[Image-text web data]
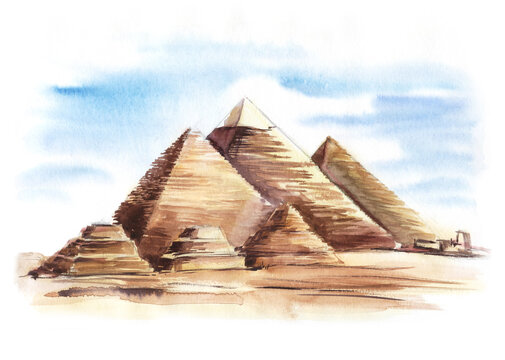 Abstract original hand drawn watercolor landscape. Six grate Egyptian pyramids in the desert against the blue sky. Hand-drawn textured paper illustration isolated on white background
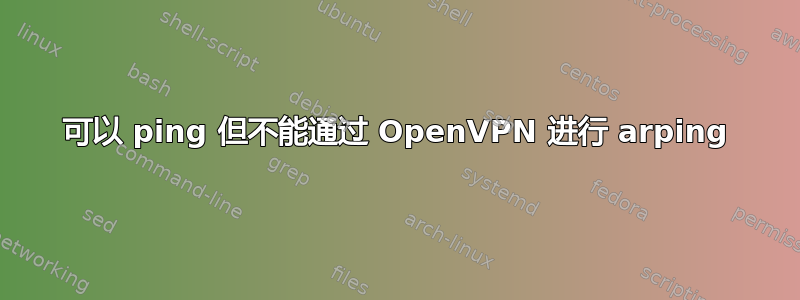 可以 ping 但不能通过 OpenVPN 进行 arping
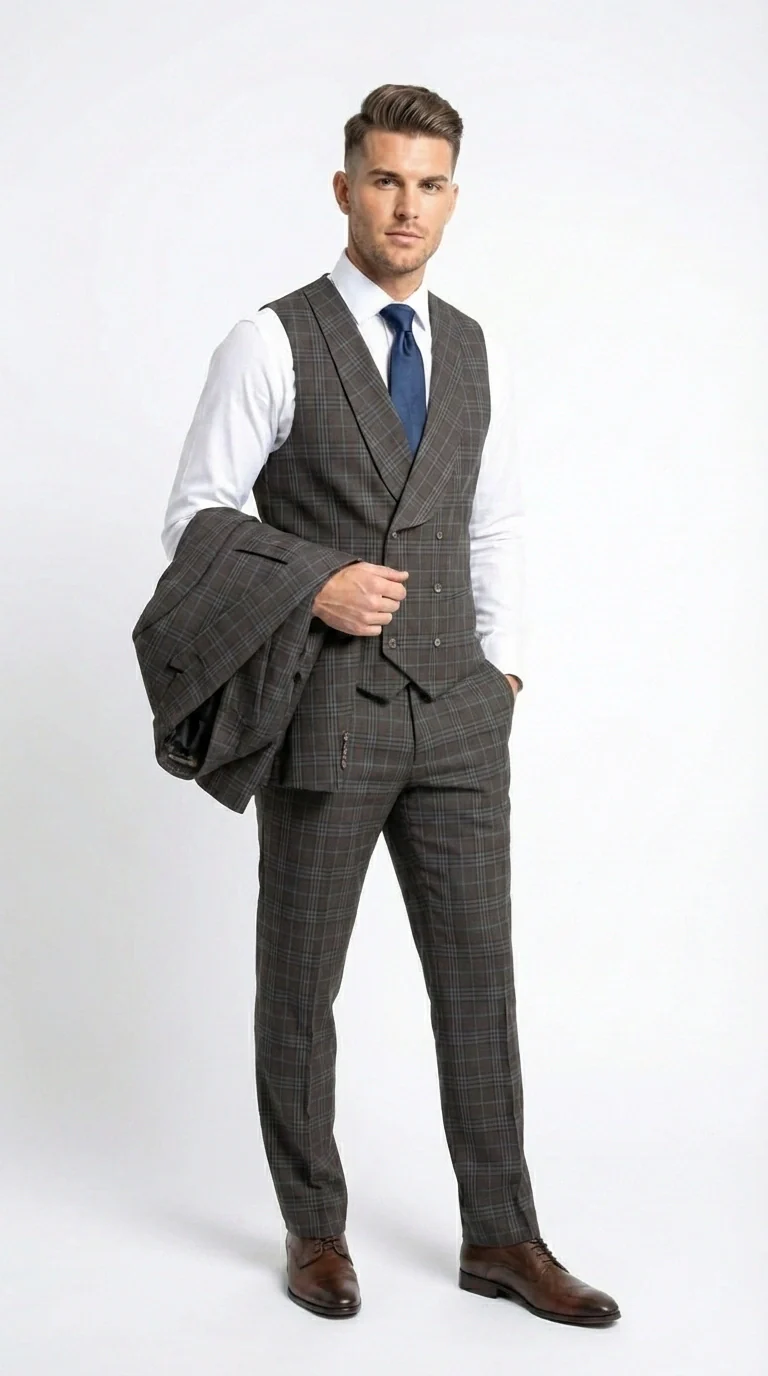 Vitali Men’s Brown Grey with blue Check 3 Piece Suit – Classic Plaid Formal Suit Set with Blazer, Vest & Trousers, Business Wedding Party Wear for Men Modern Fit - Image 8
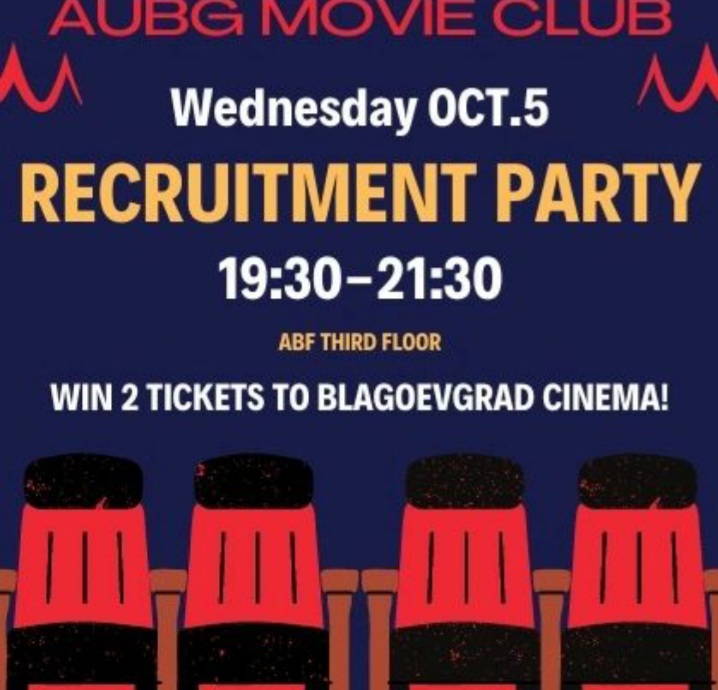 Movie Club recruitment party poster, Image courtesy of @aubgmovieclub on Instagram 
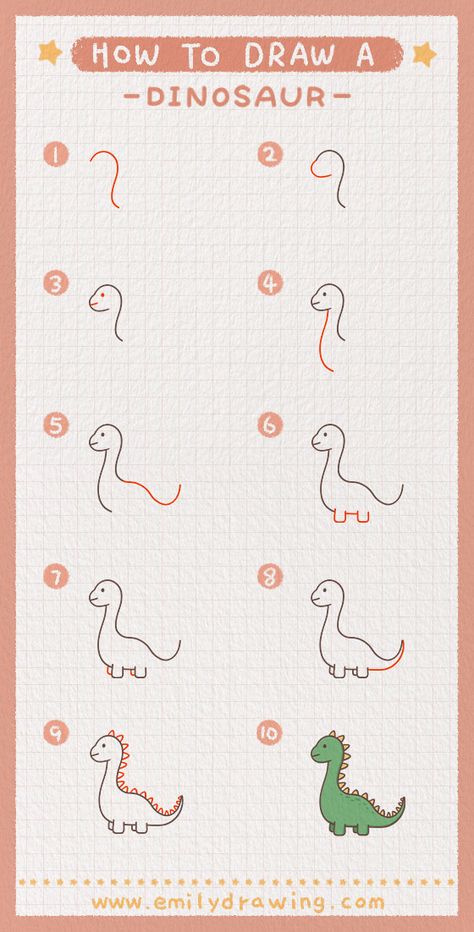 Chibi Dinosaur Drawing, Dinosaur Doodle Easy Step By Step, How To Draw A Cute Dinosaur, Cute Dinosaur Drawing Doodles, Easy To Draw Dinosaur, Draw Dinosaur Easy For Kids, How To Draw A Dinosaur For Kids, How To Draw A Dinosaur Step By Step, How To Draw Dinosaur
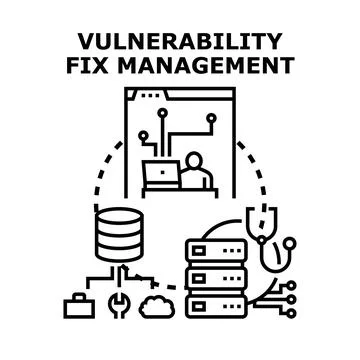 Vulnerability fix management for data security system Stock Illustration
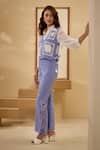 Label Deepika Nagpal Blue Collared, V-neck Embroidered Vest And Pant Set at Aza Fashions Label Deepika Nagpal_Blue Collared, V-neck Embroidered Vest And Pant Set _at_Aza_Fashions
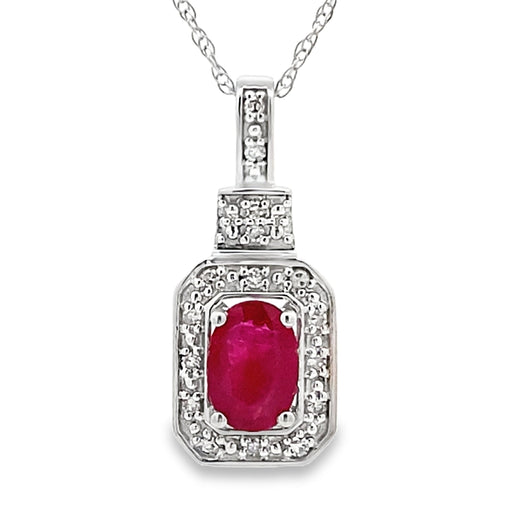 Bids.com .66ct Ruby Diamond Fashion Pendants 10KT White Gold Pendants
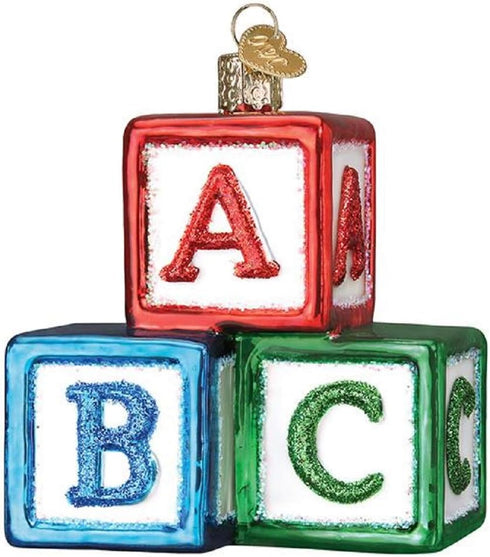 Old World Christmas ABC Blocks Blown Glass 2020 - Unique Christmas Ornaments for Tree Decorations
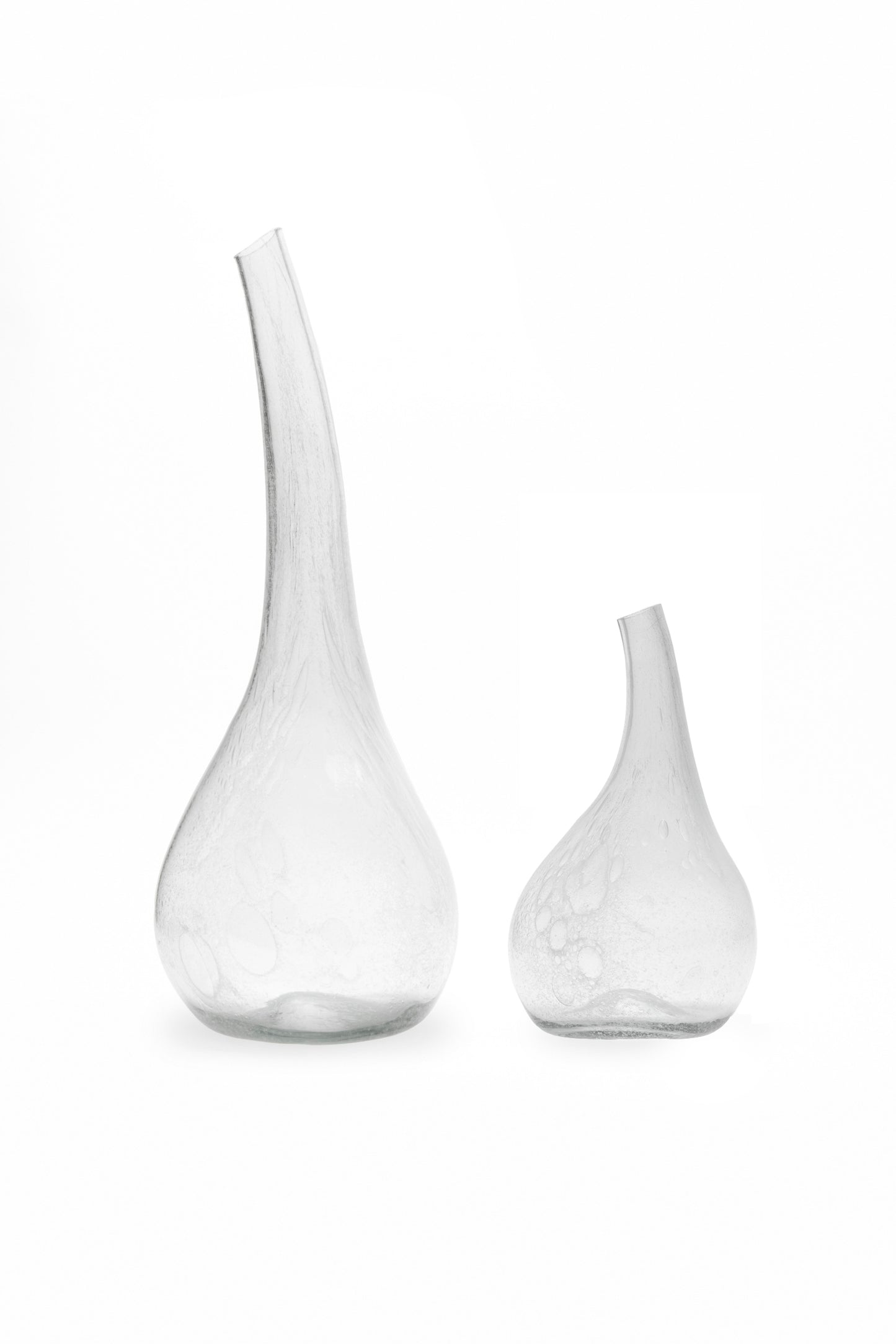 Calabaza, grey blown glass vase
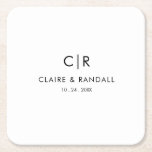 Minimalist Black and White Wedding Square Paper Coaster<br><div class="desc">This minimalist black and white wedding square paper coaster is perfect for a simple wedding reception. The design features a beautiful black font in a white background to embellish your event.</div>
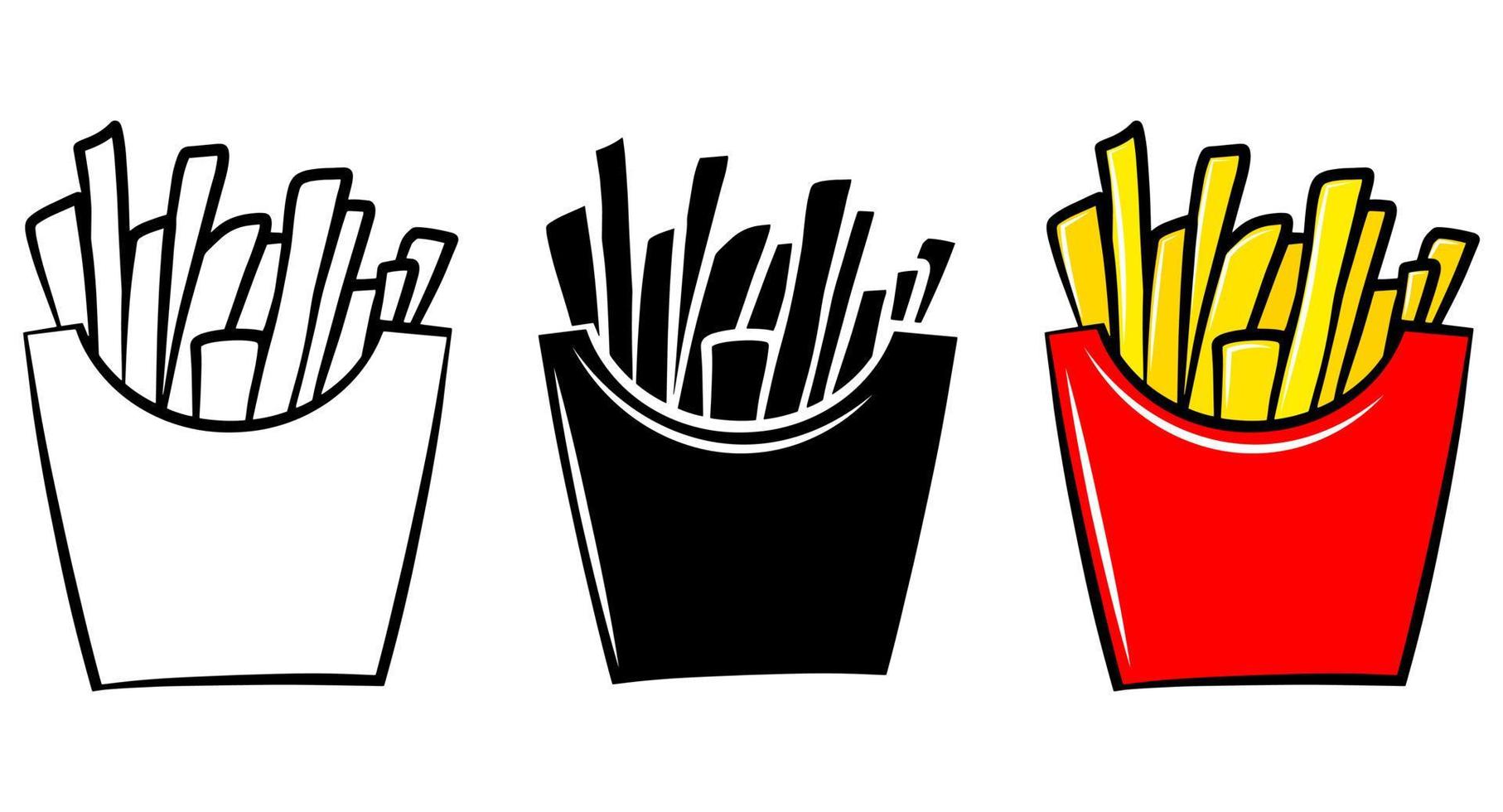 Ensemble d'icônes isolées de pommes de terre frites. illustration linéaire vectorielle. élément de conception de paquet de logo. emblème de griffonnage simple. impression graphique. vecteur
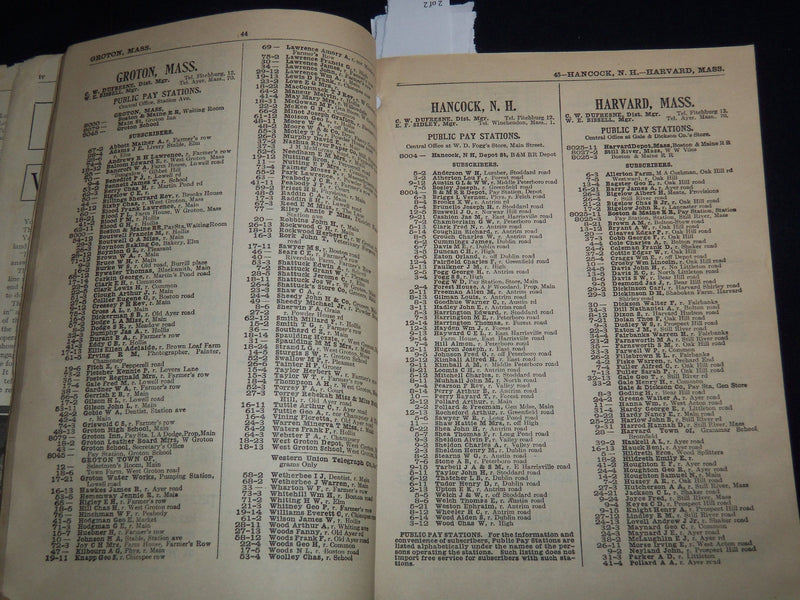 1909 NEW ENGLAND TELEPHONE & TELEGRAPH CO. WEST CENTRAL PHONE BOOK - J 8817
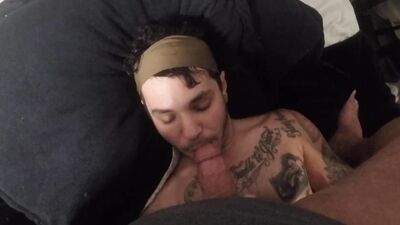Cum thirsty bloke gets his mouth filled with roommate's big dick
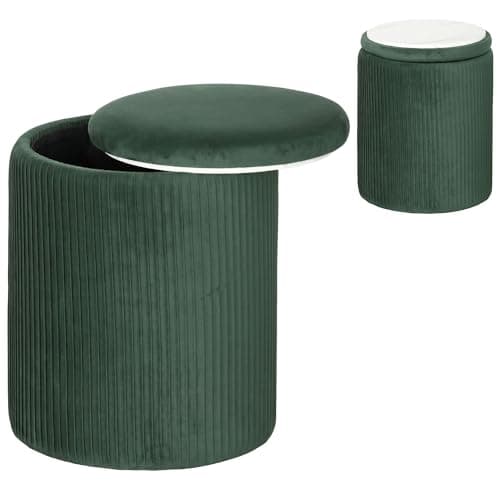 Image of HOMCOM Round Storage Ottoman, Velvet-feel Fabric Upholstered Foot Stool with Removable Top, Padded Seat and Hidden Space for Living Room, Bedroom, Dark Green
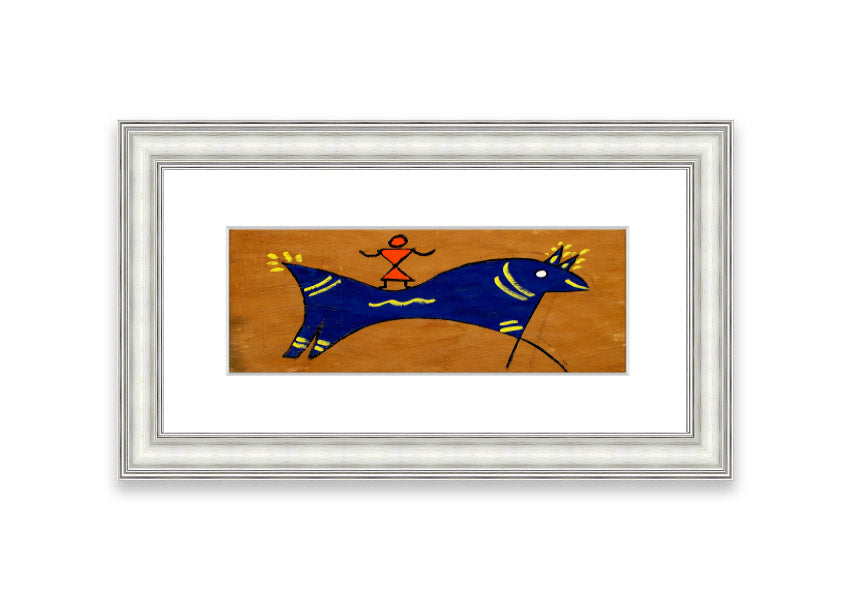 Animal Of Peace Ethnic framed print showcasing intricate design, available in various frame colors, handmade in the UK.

Aim of the exercise
Return every entry of the data above verbatim, with no images included.

Response to the exercise
 Abstract original hand drawn watercolor landscape. Six grate Egyptian pyramids in the desert against the blue sky. Hand-drawn textured paper illustration isolated on white background
 可以 ping 但不能通过 OpenVPN 进行 arping
 Vitali Men’s Brown Grey with blue Check 3 Piece Suit – Classic Plaid Formal Suit Set with Blazer, Vest & Trousers, Business Wedding Party Wear for Men Modern Fit - Image 8
 Movie Club recruitment party poster, Image courtesy of @aubgmovieclub on Instagram 
 Chibi Dinosaur Drawing, Dinosaur Doodle Easy Step By Step, How To Draw A Cute Dinosaur, Cute Dinosaur Drawing Doodles, Easy To Draw Dinosaur, Draw Dinosaur Easy For Kids, How To Draw A Dinosaur For Kids, How To Draw A Dinosaur Step By Step, How To Draw Dinosaur
 Vulnerability fix management for data security system Stock Illustration
 Label Deepika Nagpal Blue Collared, V-neck Embroidered Vest And Pant Set at Aza Fashions Label Deepika Nagpal_Blue Collared, V-neck Embroidered Vest And Pant Set _at_Aza_Fashions
 Bids.com .66ct Ruby Diamond Fashion Pendants 10KT White Gold Pendants
 Old World Christmas ABC Blocks Blown Glass 2020 - Unique Christmas Ornaments for Tree Decorations
 Calabaza, grey blown glass vase
 Minimalist Black and White Wedding Square Paper Coaster<br><div class="desc">This minimalist black and white wedding square paper coaster is perfect for a simple wedding reception. The design features a beautiful black font in a white background to embellish your event.</div>
 Ensemble d'icônes isolées de pommes de terre frites. illustration linéaire vectorielle. élément de conception de paquet de logo. emblème de griffonnage simple. impression graphique. vecteur
 1909 NEW ENGLAND TELEPHONE & TELEGRAPH CO. WEST CENTRAL PHONE BOOK - J 8817
Cum thirsty bloke gets his mouth filled with roommate's big dick
 Image of HOMCOM Round Storage Ottoman, Velvet-feel Fabric Upholstered Foot Stool with Removable Top, Padded Seat and Hidden Space for Living Room, Bedroom, Dark Green
 Animal Of Peace Ethnic framed print showcasing intricate design, available in various frame colors, handmade in the UK.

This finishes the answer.